** To do **
The entries that follow include a run beginning at the line with "majority Puducherry: Congress'" and ending at the line with "Llave de contacto Kukirin G2 DGT"; restate that run word for word and leave the rest out.

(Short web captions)
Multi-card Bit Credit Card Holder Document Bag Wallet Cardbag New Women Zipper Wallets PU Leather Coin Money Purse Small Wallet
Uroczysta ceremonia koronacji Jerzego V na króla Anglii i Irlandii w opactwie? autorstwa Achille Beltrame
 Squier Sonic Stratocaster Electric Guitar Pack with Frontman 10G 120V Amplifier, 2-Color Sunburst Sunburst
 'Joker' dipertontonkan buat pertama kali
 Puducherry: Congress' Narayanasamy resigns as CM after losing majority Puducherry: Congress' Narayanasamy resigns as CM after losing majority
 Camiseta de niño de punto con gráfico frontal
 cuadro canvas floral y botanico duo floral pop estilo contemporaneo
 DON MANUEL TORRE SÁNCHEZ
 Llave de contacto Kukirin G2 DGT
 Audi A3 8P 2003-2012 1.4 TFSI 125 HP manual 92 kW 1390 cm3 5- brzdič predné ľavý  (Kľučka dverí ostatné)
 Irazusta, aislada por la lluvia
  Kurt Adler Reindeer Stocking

** Written response **
 Puducherry: Congress' Narayanasamy resigns as CM after losing majority Puducherry: Congress' Narayanasamy resigns as CM after losing majority
 Camiseta de niño de punto con gráfico frontal
 cuadro canvas floral y botanico duo floral pop estilo contemporaneo
 DON MANUEL TORRE SÁNCHEZ
 Llave de contacto Kukirin G2 DGT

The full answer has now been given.